On 3/7/19 10:30 AM, Ben Boeckel wrote:
> On Thu, Mar 07, 2019 at 00:15:34 -0500, Tom Honermann wrote:
>> I don't know of any that use 32-bit code units for file names.
>>
>> I find myself thinking (as I so often do these days much to the surprise
>> of my past self), how does EBCDIC and z/OS fit in here? If we stick to
>> JSON and require the dependency file to be UTF-8 encoded, would all file
>> names in these files be raw8 encoded and effectively unreadable (by
>> humans) on z/OS? Perhaps we could allow more flexibility, but doing so
>> necessarily invites locales into the discussion (for those that are
>> unaware, EBCDIC has code pages too). For example, we could require that
>> the selected locale match between the producers and consumers of the
>> file (UB if they don't) and permit use of the string representation by
>> transcoding from the locale interpreted physical file name to UTF-8, but
>> only if reverse-transcoding produces the same physical file name,
>> otherwise the appropriate raw format must be used.
> I first tried saying "treat these strings as if they were byte arrays"
> with allowances for escaping `"` and `\`, but there was pushback on the
> previous thread about it. This basically makes a new dialect of JSON
> which is (usually) an error in existing implementations. It would mean
> that tools are implementing their own JSON parsers (or even writers)…

This isn't what I was suggesting. Rather, I was suggesting that
standard UTF-8 encoded JSON be used, but that, for platforms where the
interpretation of the filename may differ based on locale settings,
that, if the file name can be losslessly round-tripped to UTF-8 and
back, that the UTF-8 encoding of it (transcoded from the locale) be used
in the JSON file as a (well-formed) UTF-8/JSON string even though that
name wouldn't reflect the exact code units of the file name.

For example, consider a file name consisting of the octets { 0x86, 0x89,
0x93, 0x85, 0x59 }. In EBCDIC code page 37, this denotes a file name
"fileß", but in EBCDIC code page 273 denotes "file~". The suggestion
then is, when generating the JSON file, if the current locale setting is
CP37, to use the UTF-8 encoded name "fileß" as a normal JSON string.
Tools consuming the file would then have to transcode the UTF-8 provided
name back to the original locale to open the file.

Previously, I had suggested that the locales must match for the producer
and consumer and that it be UB otherwise (effectively leading to file
not found errors).

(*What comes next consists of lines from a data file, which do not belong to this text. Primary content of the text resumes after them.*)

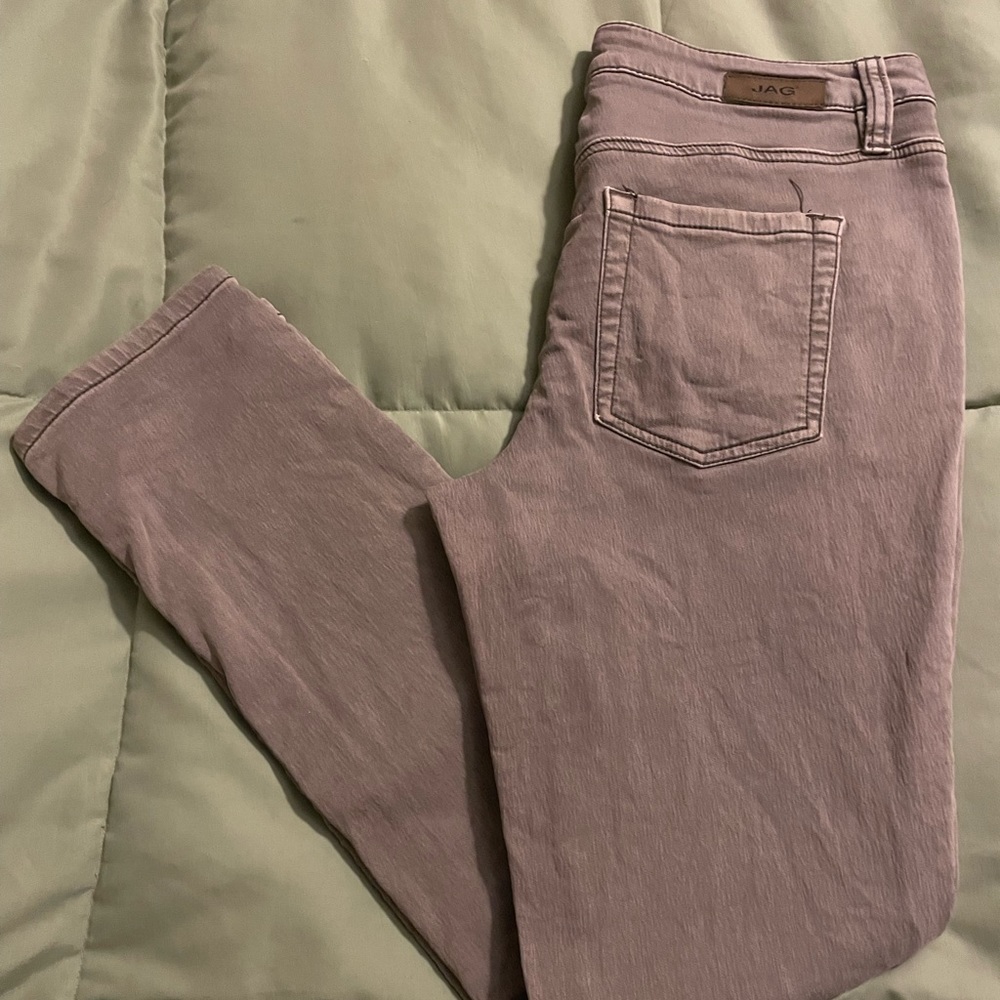 Women’s JAG Jeans. Tan/Light Brown. Skinny leg. Size 4.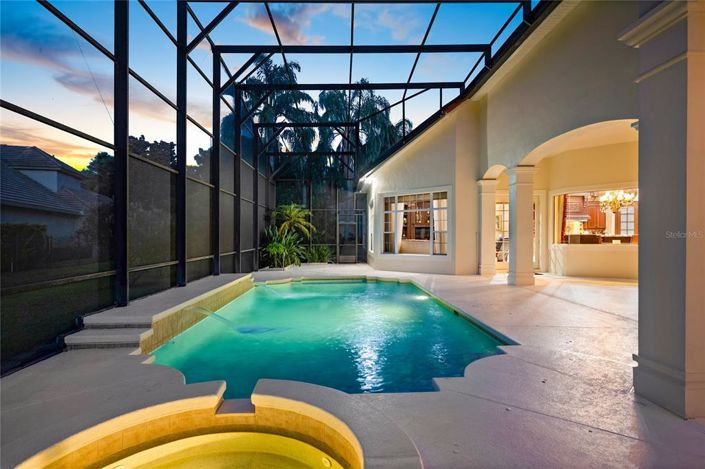 Image No.36-5 Bed Property for sale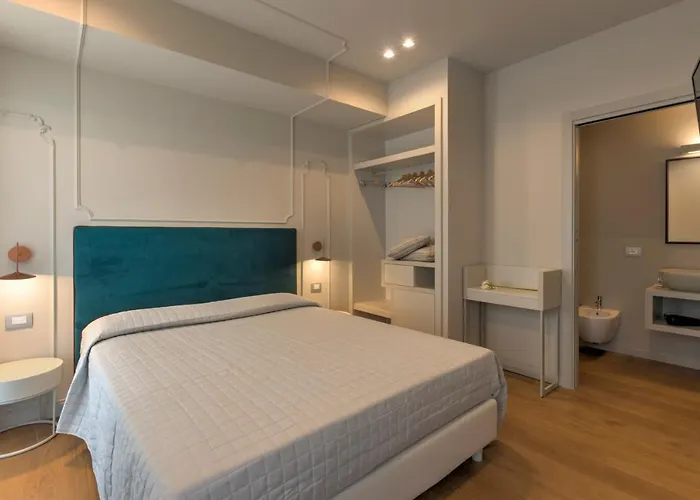 Diecidodici Boutiquerooms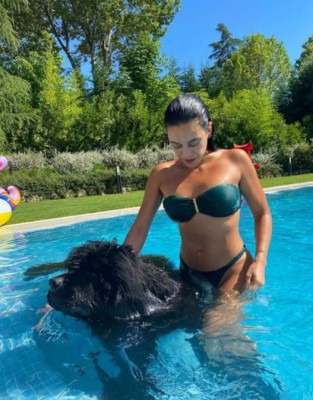 ¡Infartante! La mujer de Marcelo sorprende con sus topless en sus vacaciones en Ibiza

However, I think it would be better to store the
encoding used to interpret the file name at generation time (if it isn't
UTF-8) in the file to allow tools to accurately reverse the UTF-8
encoding. The supported encodings and the spelling of their names
would, of course, be implementation/platform defined.

>
> Note that if you'd like to have a readable filename, adding it as a
> `_readable` key with a human-readable utf-8 transcoding to the filename
> would be supported (see my message with the JSON schema bits from
> yesterday).

That seems reasonable to me for file names that really can't be
represented as UTF-8, but seems like noise otherwise. In other words, I
think we should try to minimize use of raw8, raw16, etc... where possible.

Didn't we realize that we can't know the encoding of a filename, and so we cannot reliably decode it,

even less in a round trip safe way and that as such filenames can't be anything but bags of bytes?

At least, on some platforms?